You are developing a new application that uses exclusively Compute Engine VMs. Once a day, this application will execute five different batch jobs. Each of the batch jobs requires a dedicated set of permissions on Google Cloud resources outside of your application. You need to design a secure access concept for the batch jobs that adheres to the least-privilege principle.
What should you do?
A. 1. Create a general service account “g-sa” to orchestrate the batch jobs.
2. Create one service account per batch job ‘b-sa-[1-5]’. Grant only the permissions required to run the individual batch jobs to the service accounts and generate service account keys for each of these service accounts.
3. Store the service account keys in Secret Manager. Grant g-sa access to Secret Manager and run the batch jobs with the permissions of b-sa-[1-5].

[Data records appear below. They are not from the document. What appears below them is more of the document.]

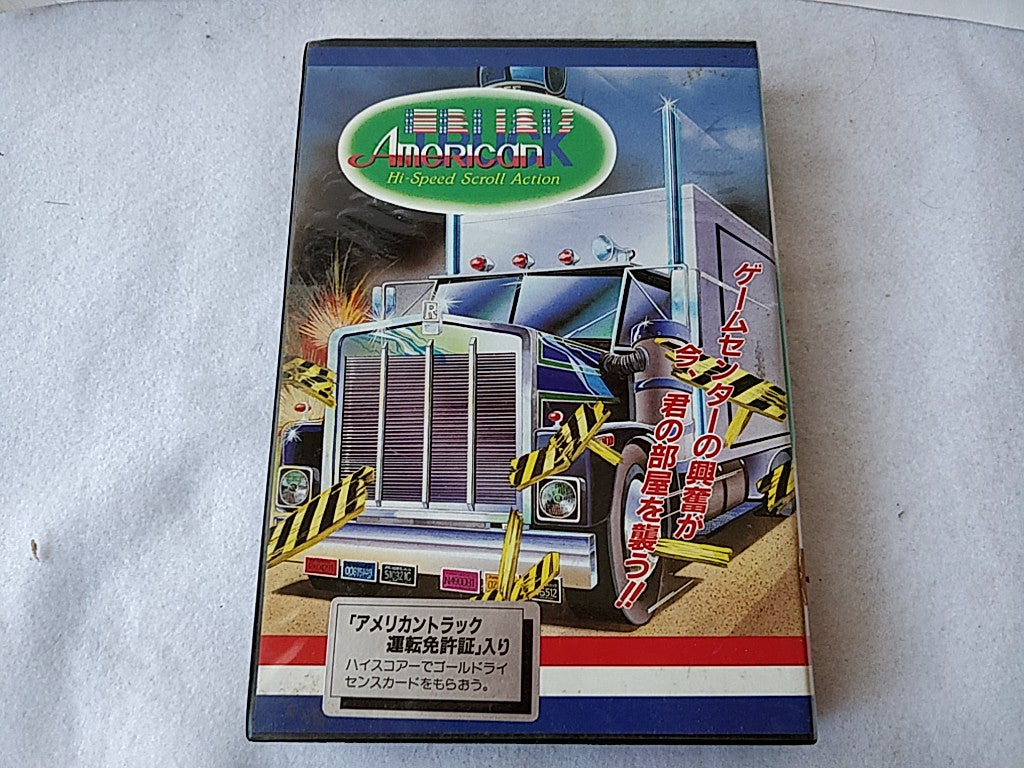 American truck MSX MSX2 Cartridge,Manual,Boxed set tested-c1120 - Hakushin Retro Game shop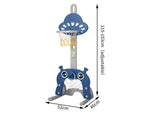 Bopeep Kids Basketball Hoop Set Stand Sports Gift Toys 5-in-1 Adjustable Height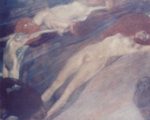 Gustav Klimt - Bilder Gemälde - Bewegte Wasser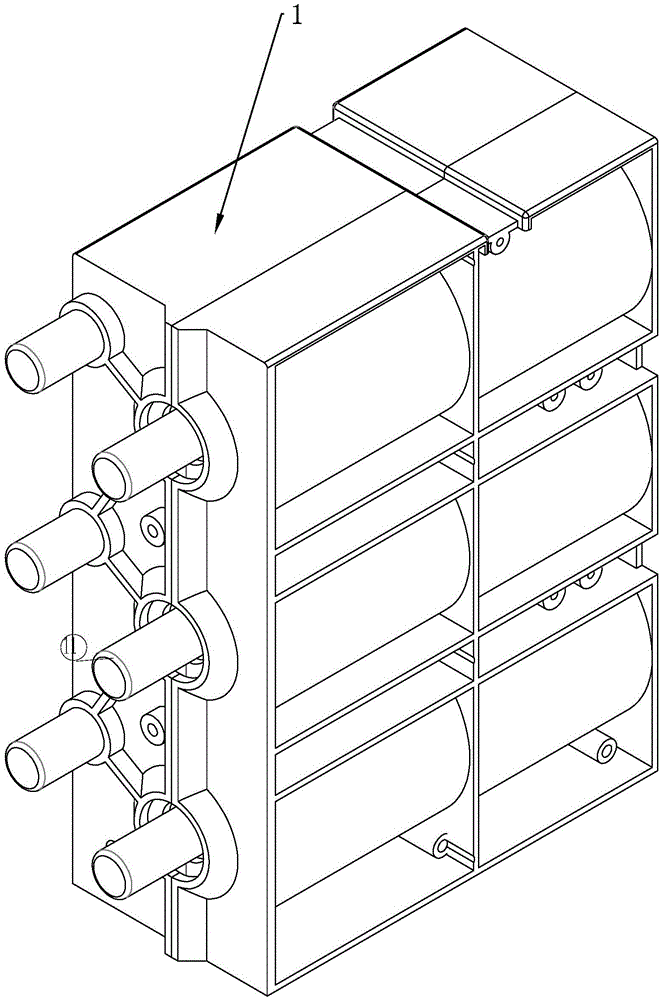 A modular permanent magnet circuit breaker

B. 1. Create a general service account “g-sa” to execute the batch jobs.
2. Grant the permissions required to execute the batch jobs to g-sa.

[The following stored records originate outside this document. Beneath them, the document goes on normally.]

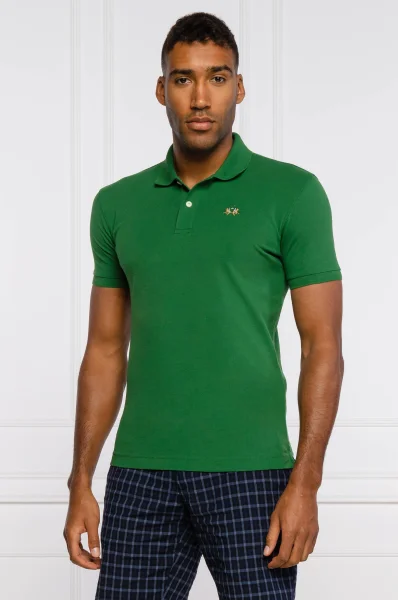 Polo tričko Eduardo | Slim Fit | pique La Martina 	zelená	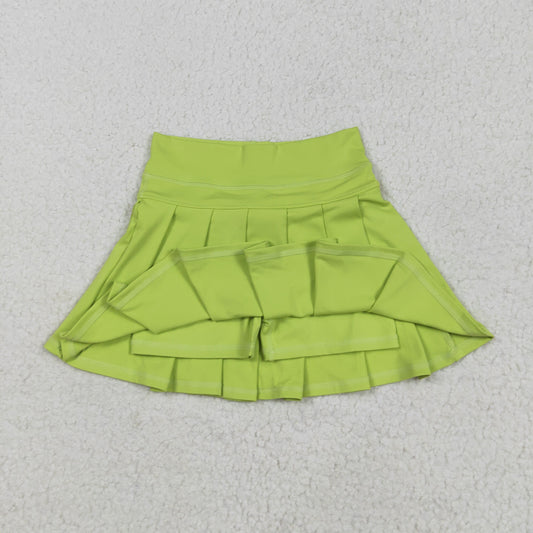 Light green solid Kids yoga Short GLK0081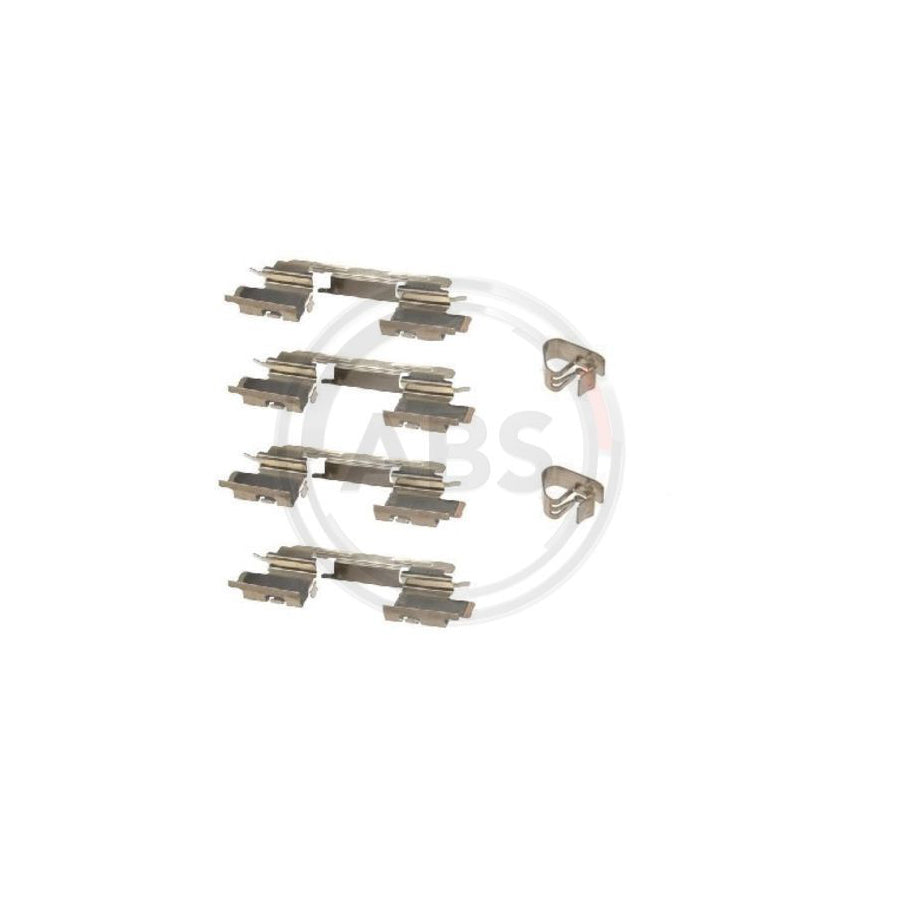 A.B.S. 1613Q Accessory Kit, Disc Brake Pads For Toyota Camry V Saloon (_V3_)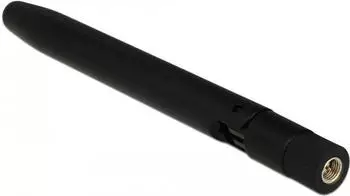 DeLock LoRa 863 928 MHz Antenne SMA Stecker 0,5 dBi omnidirektional mit Kippgelenk schwarz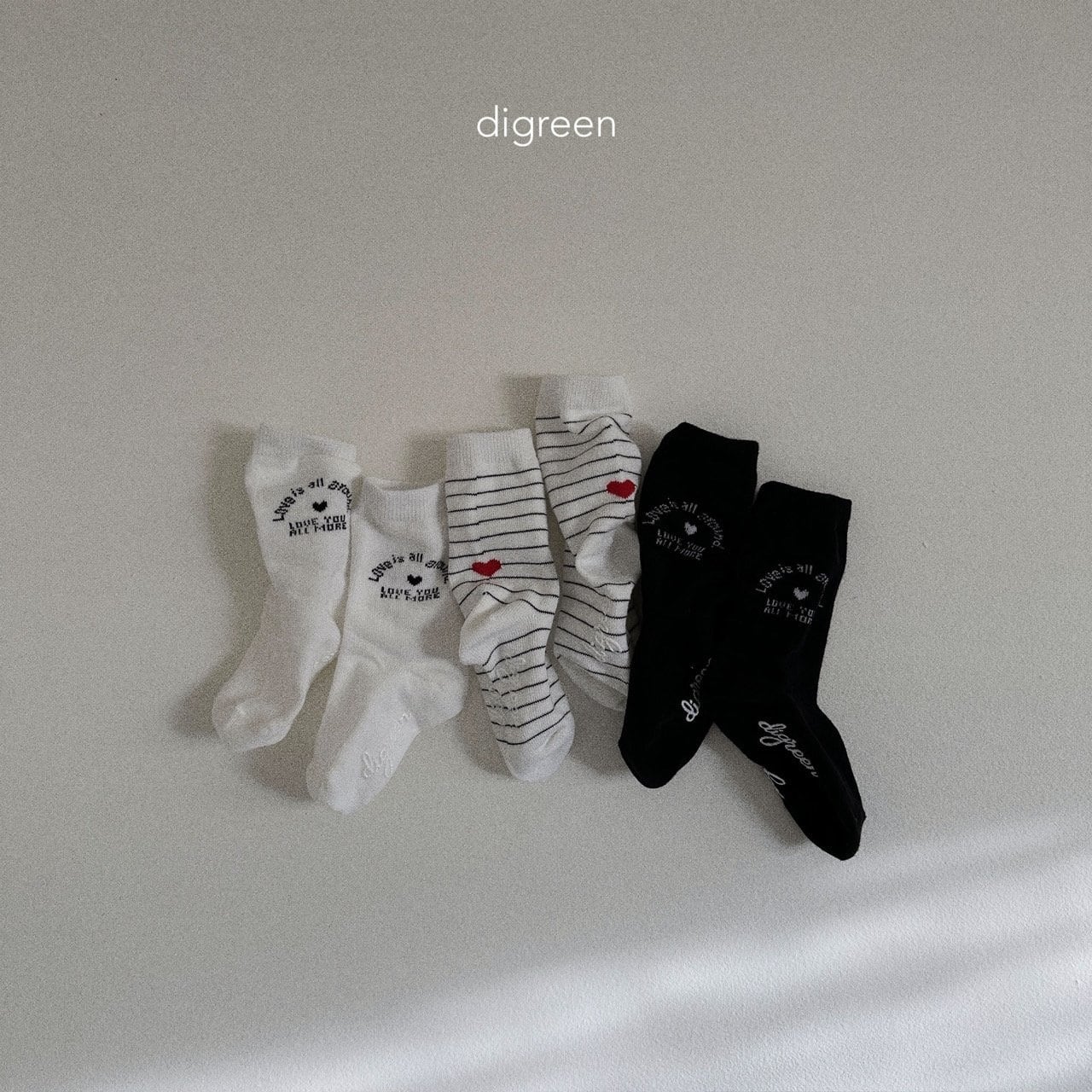 love socks【digreen】※11月下旬〜12月上旬発送予定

3. Execute the batch jobs with the permissions granted to g-sa.
C. 1. Create a workload identity pool and configure workload identity pool providers for each batch job.
2. Assign the workload identity user role to each of the identities configured in the providers.
3. Create one service account per batch job “b-sa-[1-5]”, and grant only the permissions required to run the individual batch jobs to the service accounts.
4. Generate credential configuration files for each of the providers. Use these files to execute the batch jobs with the permissions of b-sa-[1-5].
D. 1. Create a general service account “g-sa” to orchestrate the batch jobs.
2. Create one service account per batch job “b-sa-[1-5]”, and grant only the permissions required to run the individual batch jobs to the service accounts.
3. Grant the Service Account Token Creator role to g-sa. Use g-sa to obtain short-lived access tokens for b-sa-[1-5] and to execute the batch jobs with the permissions of b-sa-[1-5].